万光寺氷川神社
・所在地 埼玉県比企郡吉見町万光寺82
・ご祭神 素戔嗚尊 伊勢大神
・社 格 旧萬光寺村鎮守・旧村社
・例祭等 元旦祭 春祭り 5月初午日 秋祭り 10月15日
吉見町万光寺地域は下銀谷地域の北東に位置し、且つ隣接している地域である。また下銀谷稲荷神社に接している道路を南下し、すぐ先のT字路を左折すると、左側に万光寺氷川神社の鳥居が見える。距離にして100m程しか離れていない。
南向きに鎮座する万光寺氷川神社
荒川と市野川の間の低地帯に位置する場所にひっそりと鎮座している。標高図を確認すると、万光寺地域の平均標高は12m~13m程だが、社は16m程。社殿は1m程の高台か古墳の上に建てられているが、社殿の裏はさらに石垣が基礎となっていて、また一段高くなっている。恐らく自然堤防の縁にあるのであろうと推測される。
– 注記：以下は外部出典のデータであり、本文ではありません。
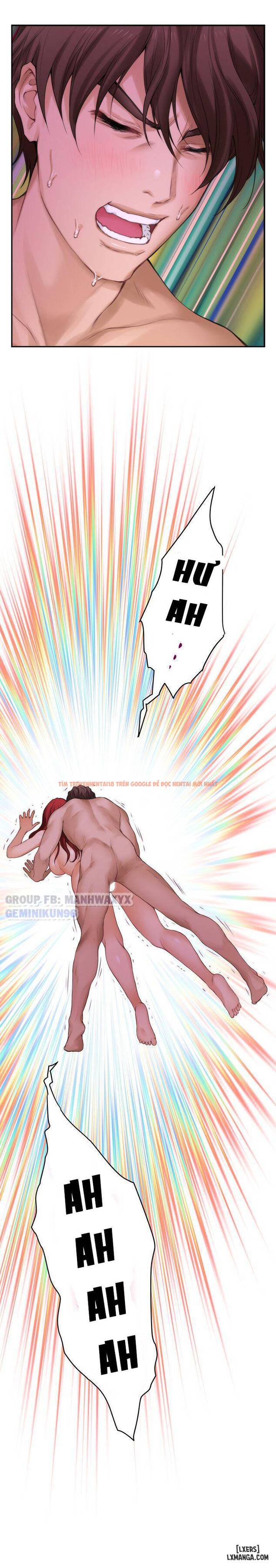 Trang truyện 30 trong truyện tranh Cặp Đôi S - Chapter 31 - hentai24h.pro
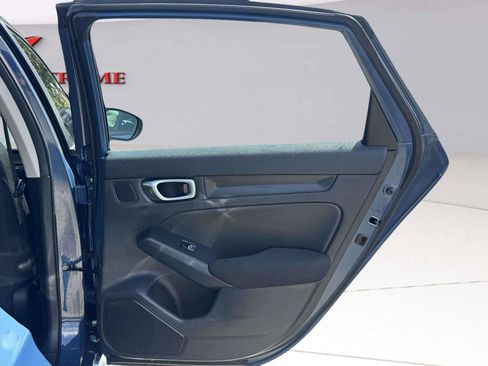 Used 2026 Honda Civic LX image 35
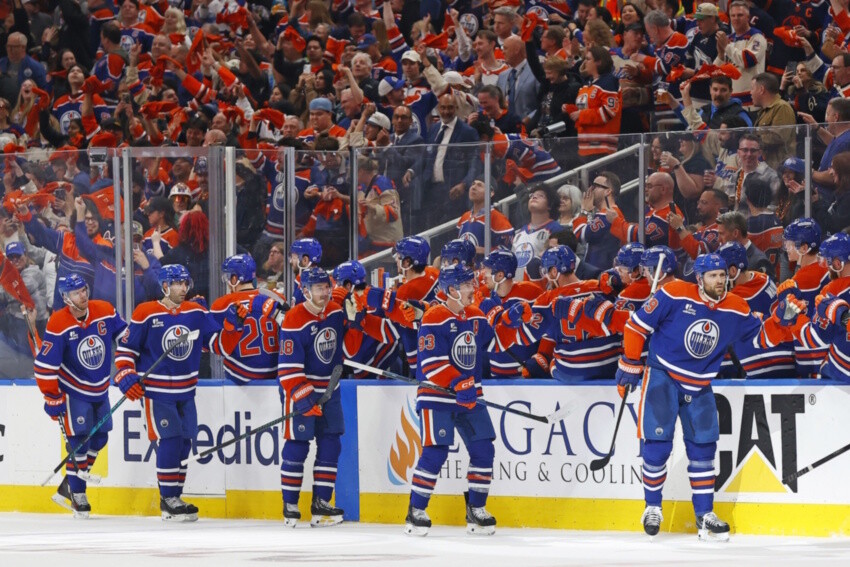 Edmonton Oilers Offseason Shocker: Is the Biggest Move Still Awaiting?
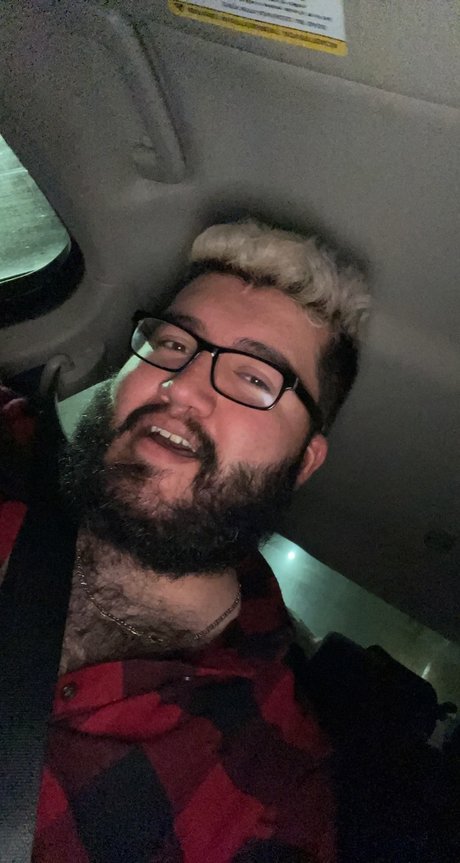Nacktes geleaktes OnlyFans-Foto von Alexander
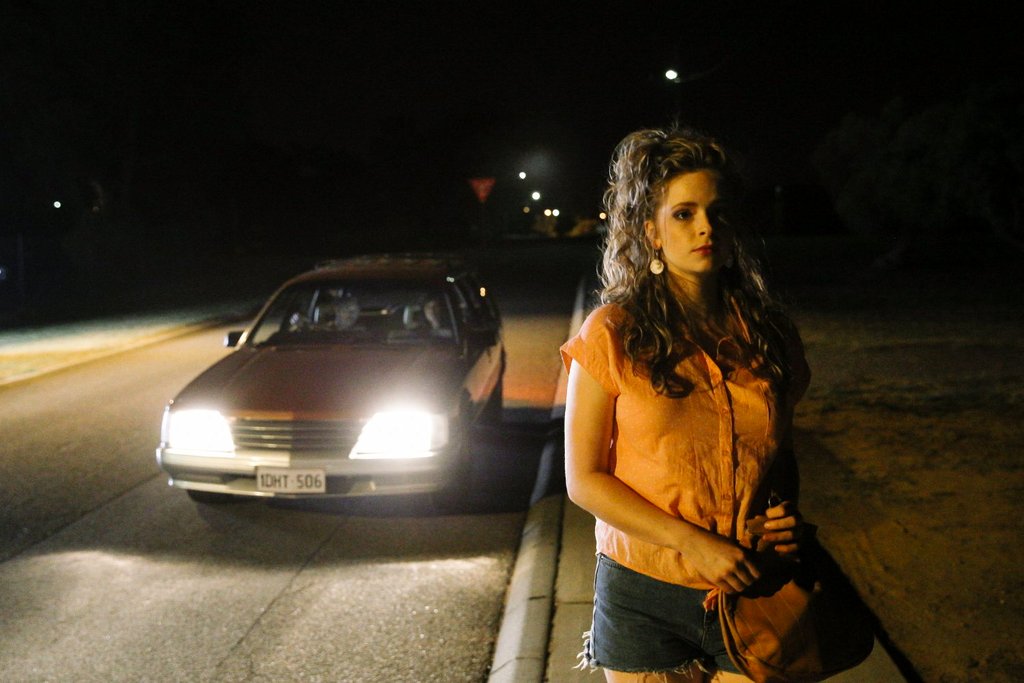 Photo du film Hounds of Love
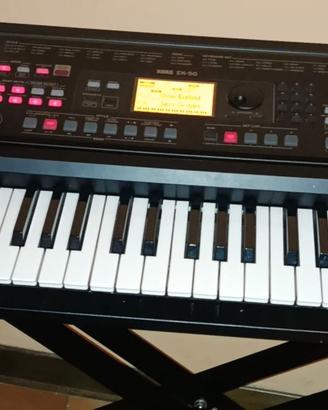 Korg EK-50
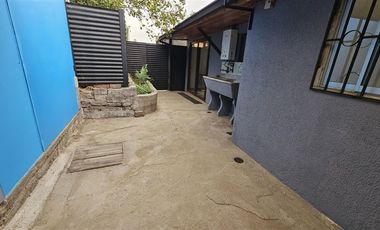Departamento en Arriendo en Quebrada de umallani & Valle Hermoso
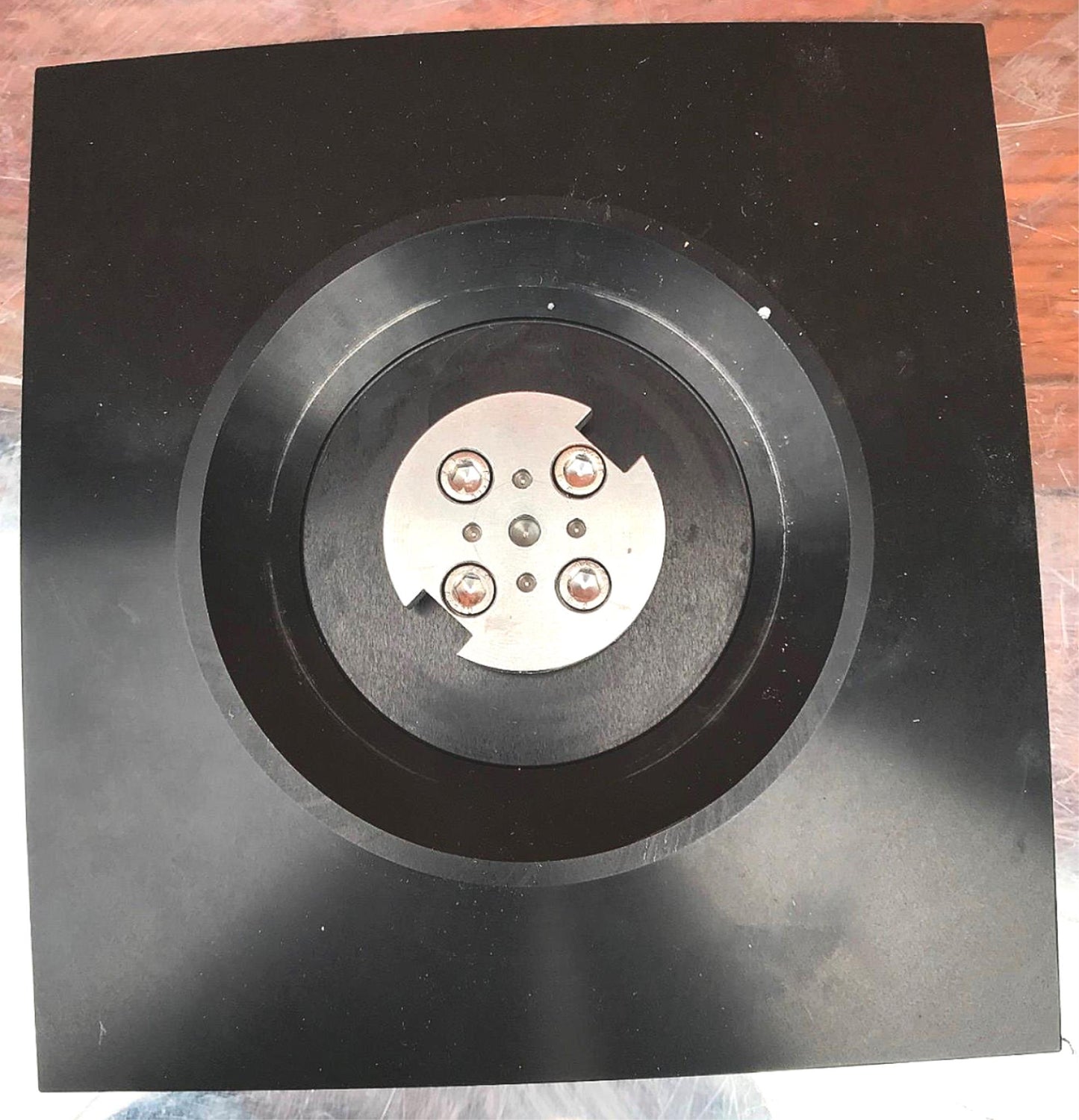 LEICA SM2400  SLEDGE MICROTOME with KNIFE ALMOST COMPLETE FREE SHIP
規模は決して多い区はないながら、何とも趣のある社の一の鳥居
一の鳥居のすぐ先には石製の二の鳥居がある。 二の鳥居の上部にある社号額
鬱蒼とした林の中、参道の先に拝殿が高台上に鎮座する。
『新編武蔵風土記稿 萬光寺村条』において、「往昔當村に萬光寺と云寺ありし故に村名起れりと云、されど村名正保の改には見へず、元禄の改に始て裁す(中略)吉見用水を引て耕植し、また天水を湛て助水とす、」と記載がある。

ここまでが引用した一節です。